* Task objective:
Make an exact copy of all the records, one that contains none of the pictures.

* Listed records:
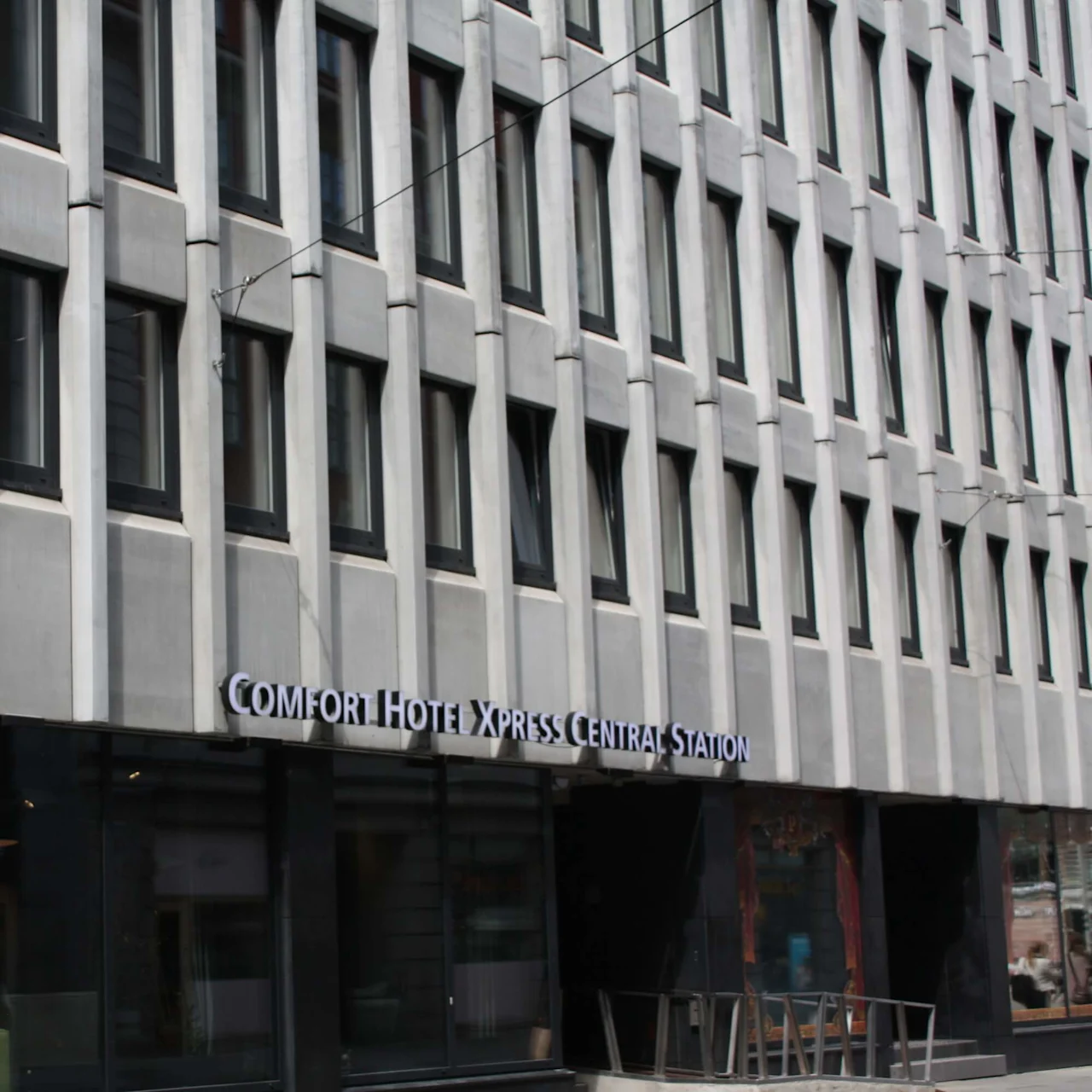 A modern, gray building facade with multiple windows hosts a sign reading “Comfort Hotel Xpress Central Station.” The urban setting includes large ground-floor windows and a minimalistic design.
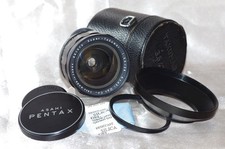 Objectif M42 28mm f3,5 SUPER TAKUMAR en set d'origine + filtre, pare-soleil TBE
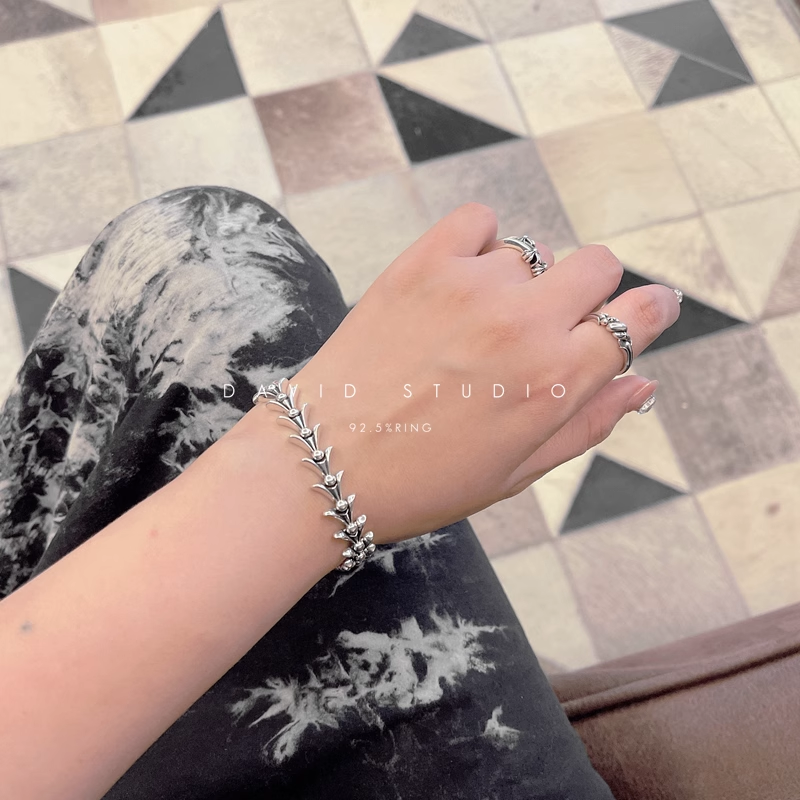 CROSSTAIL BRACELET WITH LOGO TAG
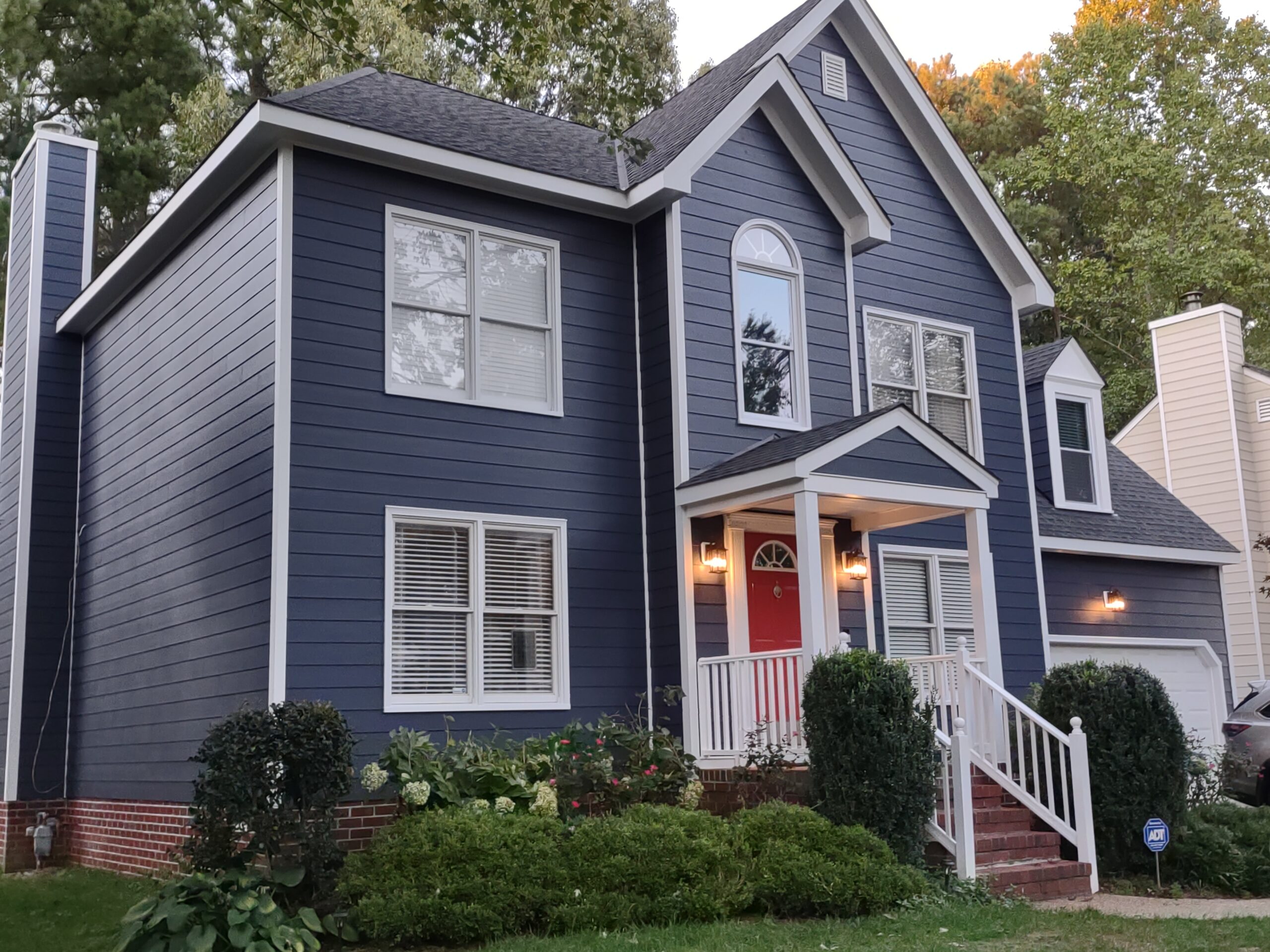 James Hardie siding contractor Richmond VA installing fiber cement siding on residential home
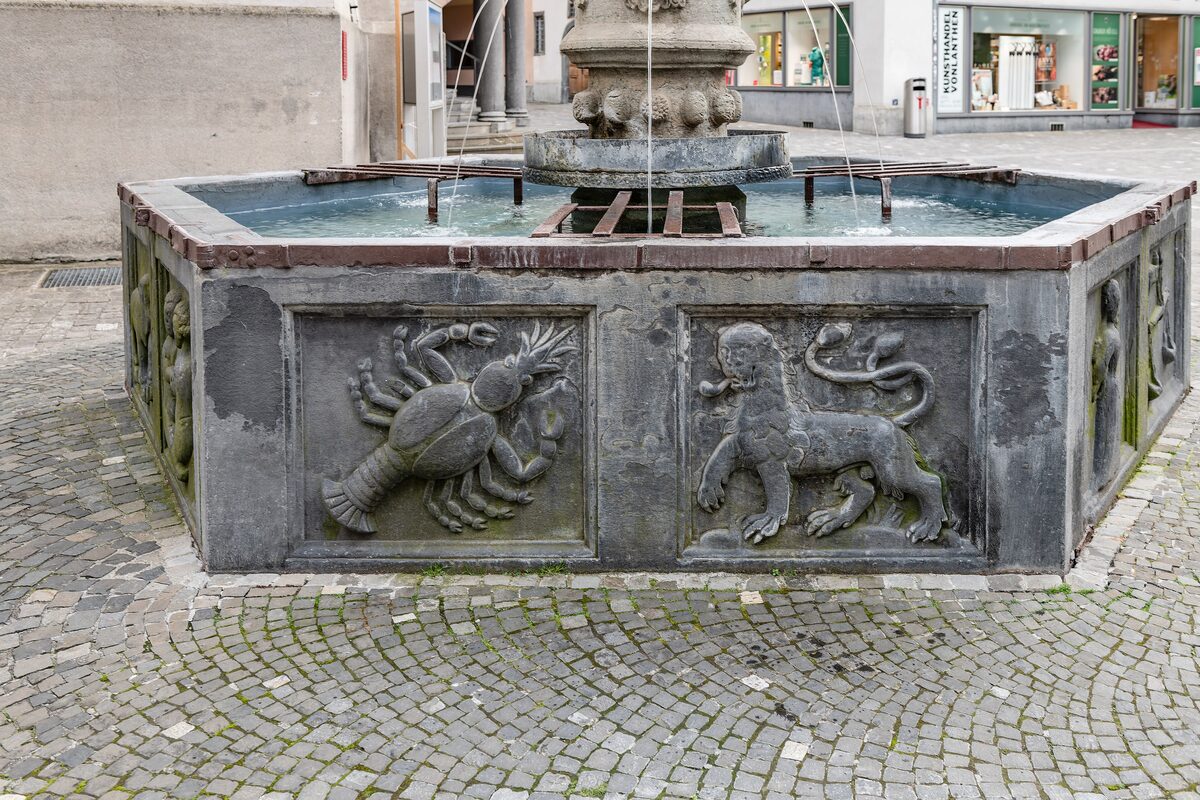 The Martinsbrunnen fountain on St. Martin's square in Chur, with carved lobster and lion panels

* Solution to the exercise:
 A modern, gray building facade with multiple windows hosts a sign reading “Comfort Hotel Xpress Central Station.” The urban setting includes large ground-floor windows and a minimalistic design.
 Objectif M42 28mm f3,5 SUPER TAKUMAR en set d'origine + filtre, pare-soleil TBE
 CROSSTAIL BRACELET WITH LOGO TAG
 James Hardie siding contractor Richmond VA installing fiber cement siding on residential home
 The Martinsbrunnen fountain on St. Martin's square in Chur, with carved lobster and lion panels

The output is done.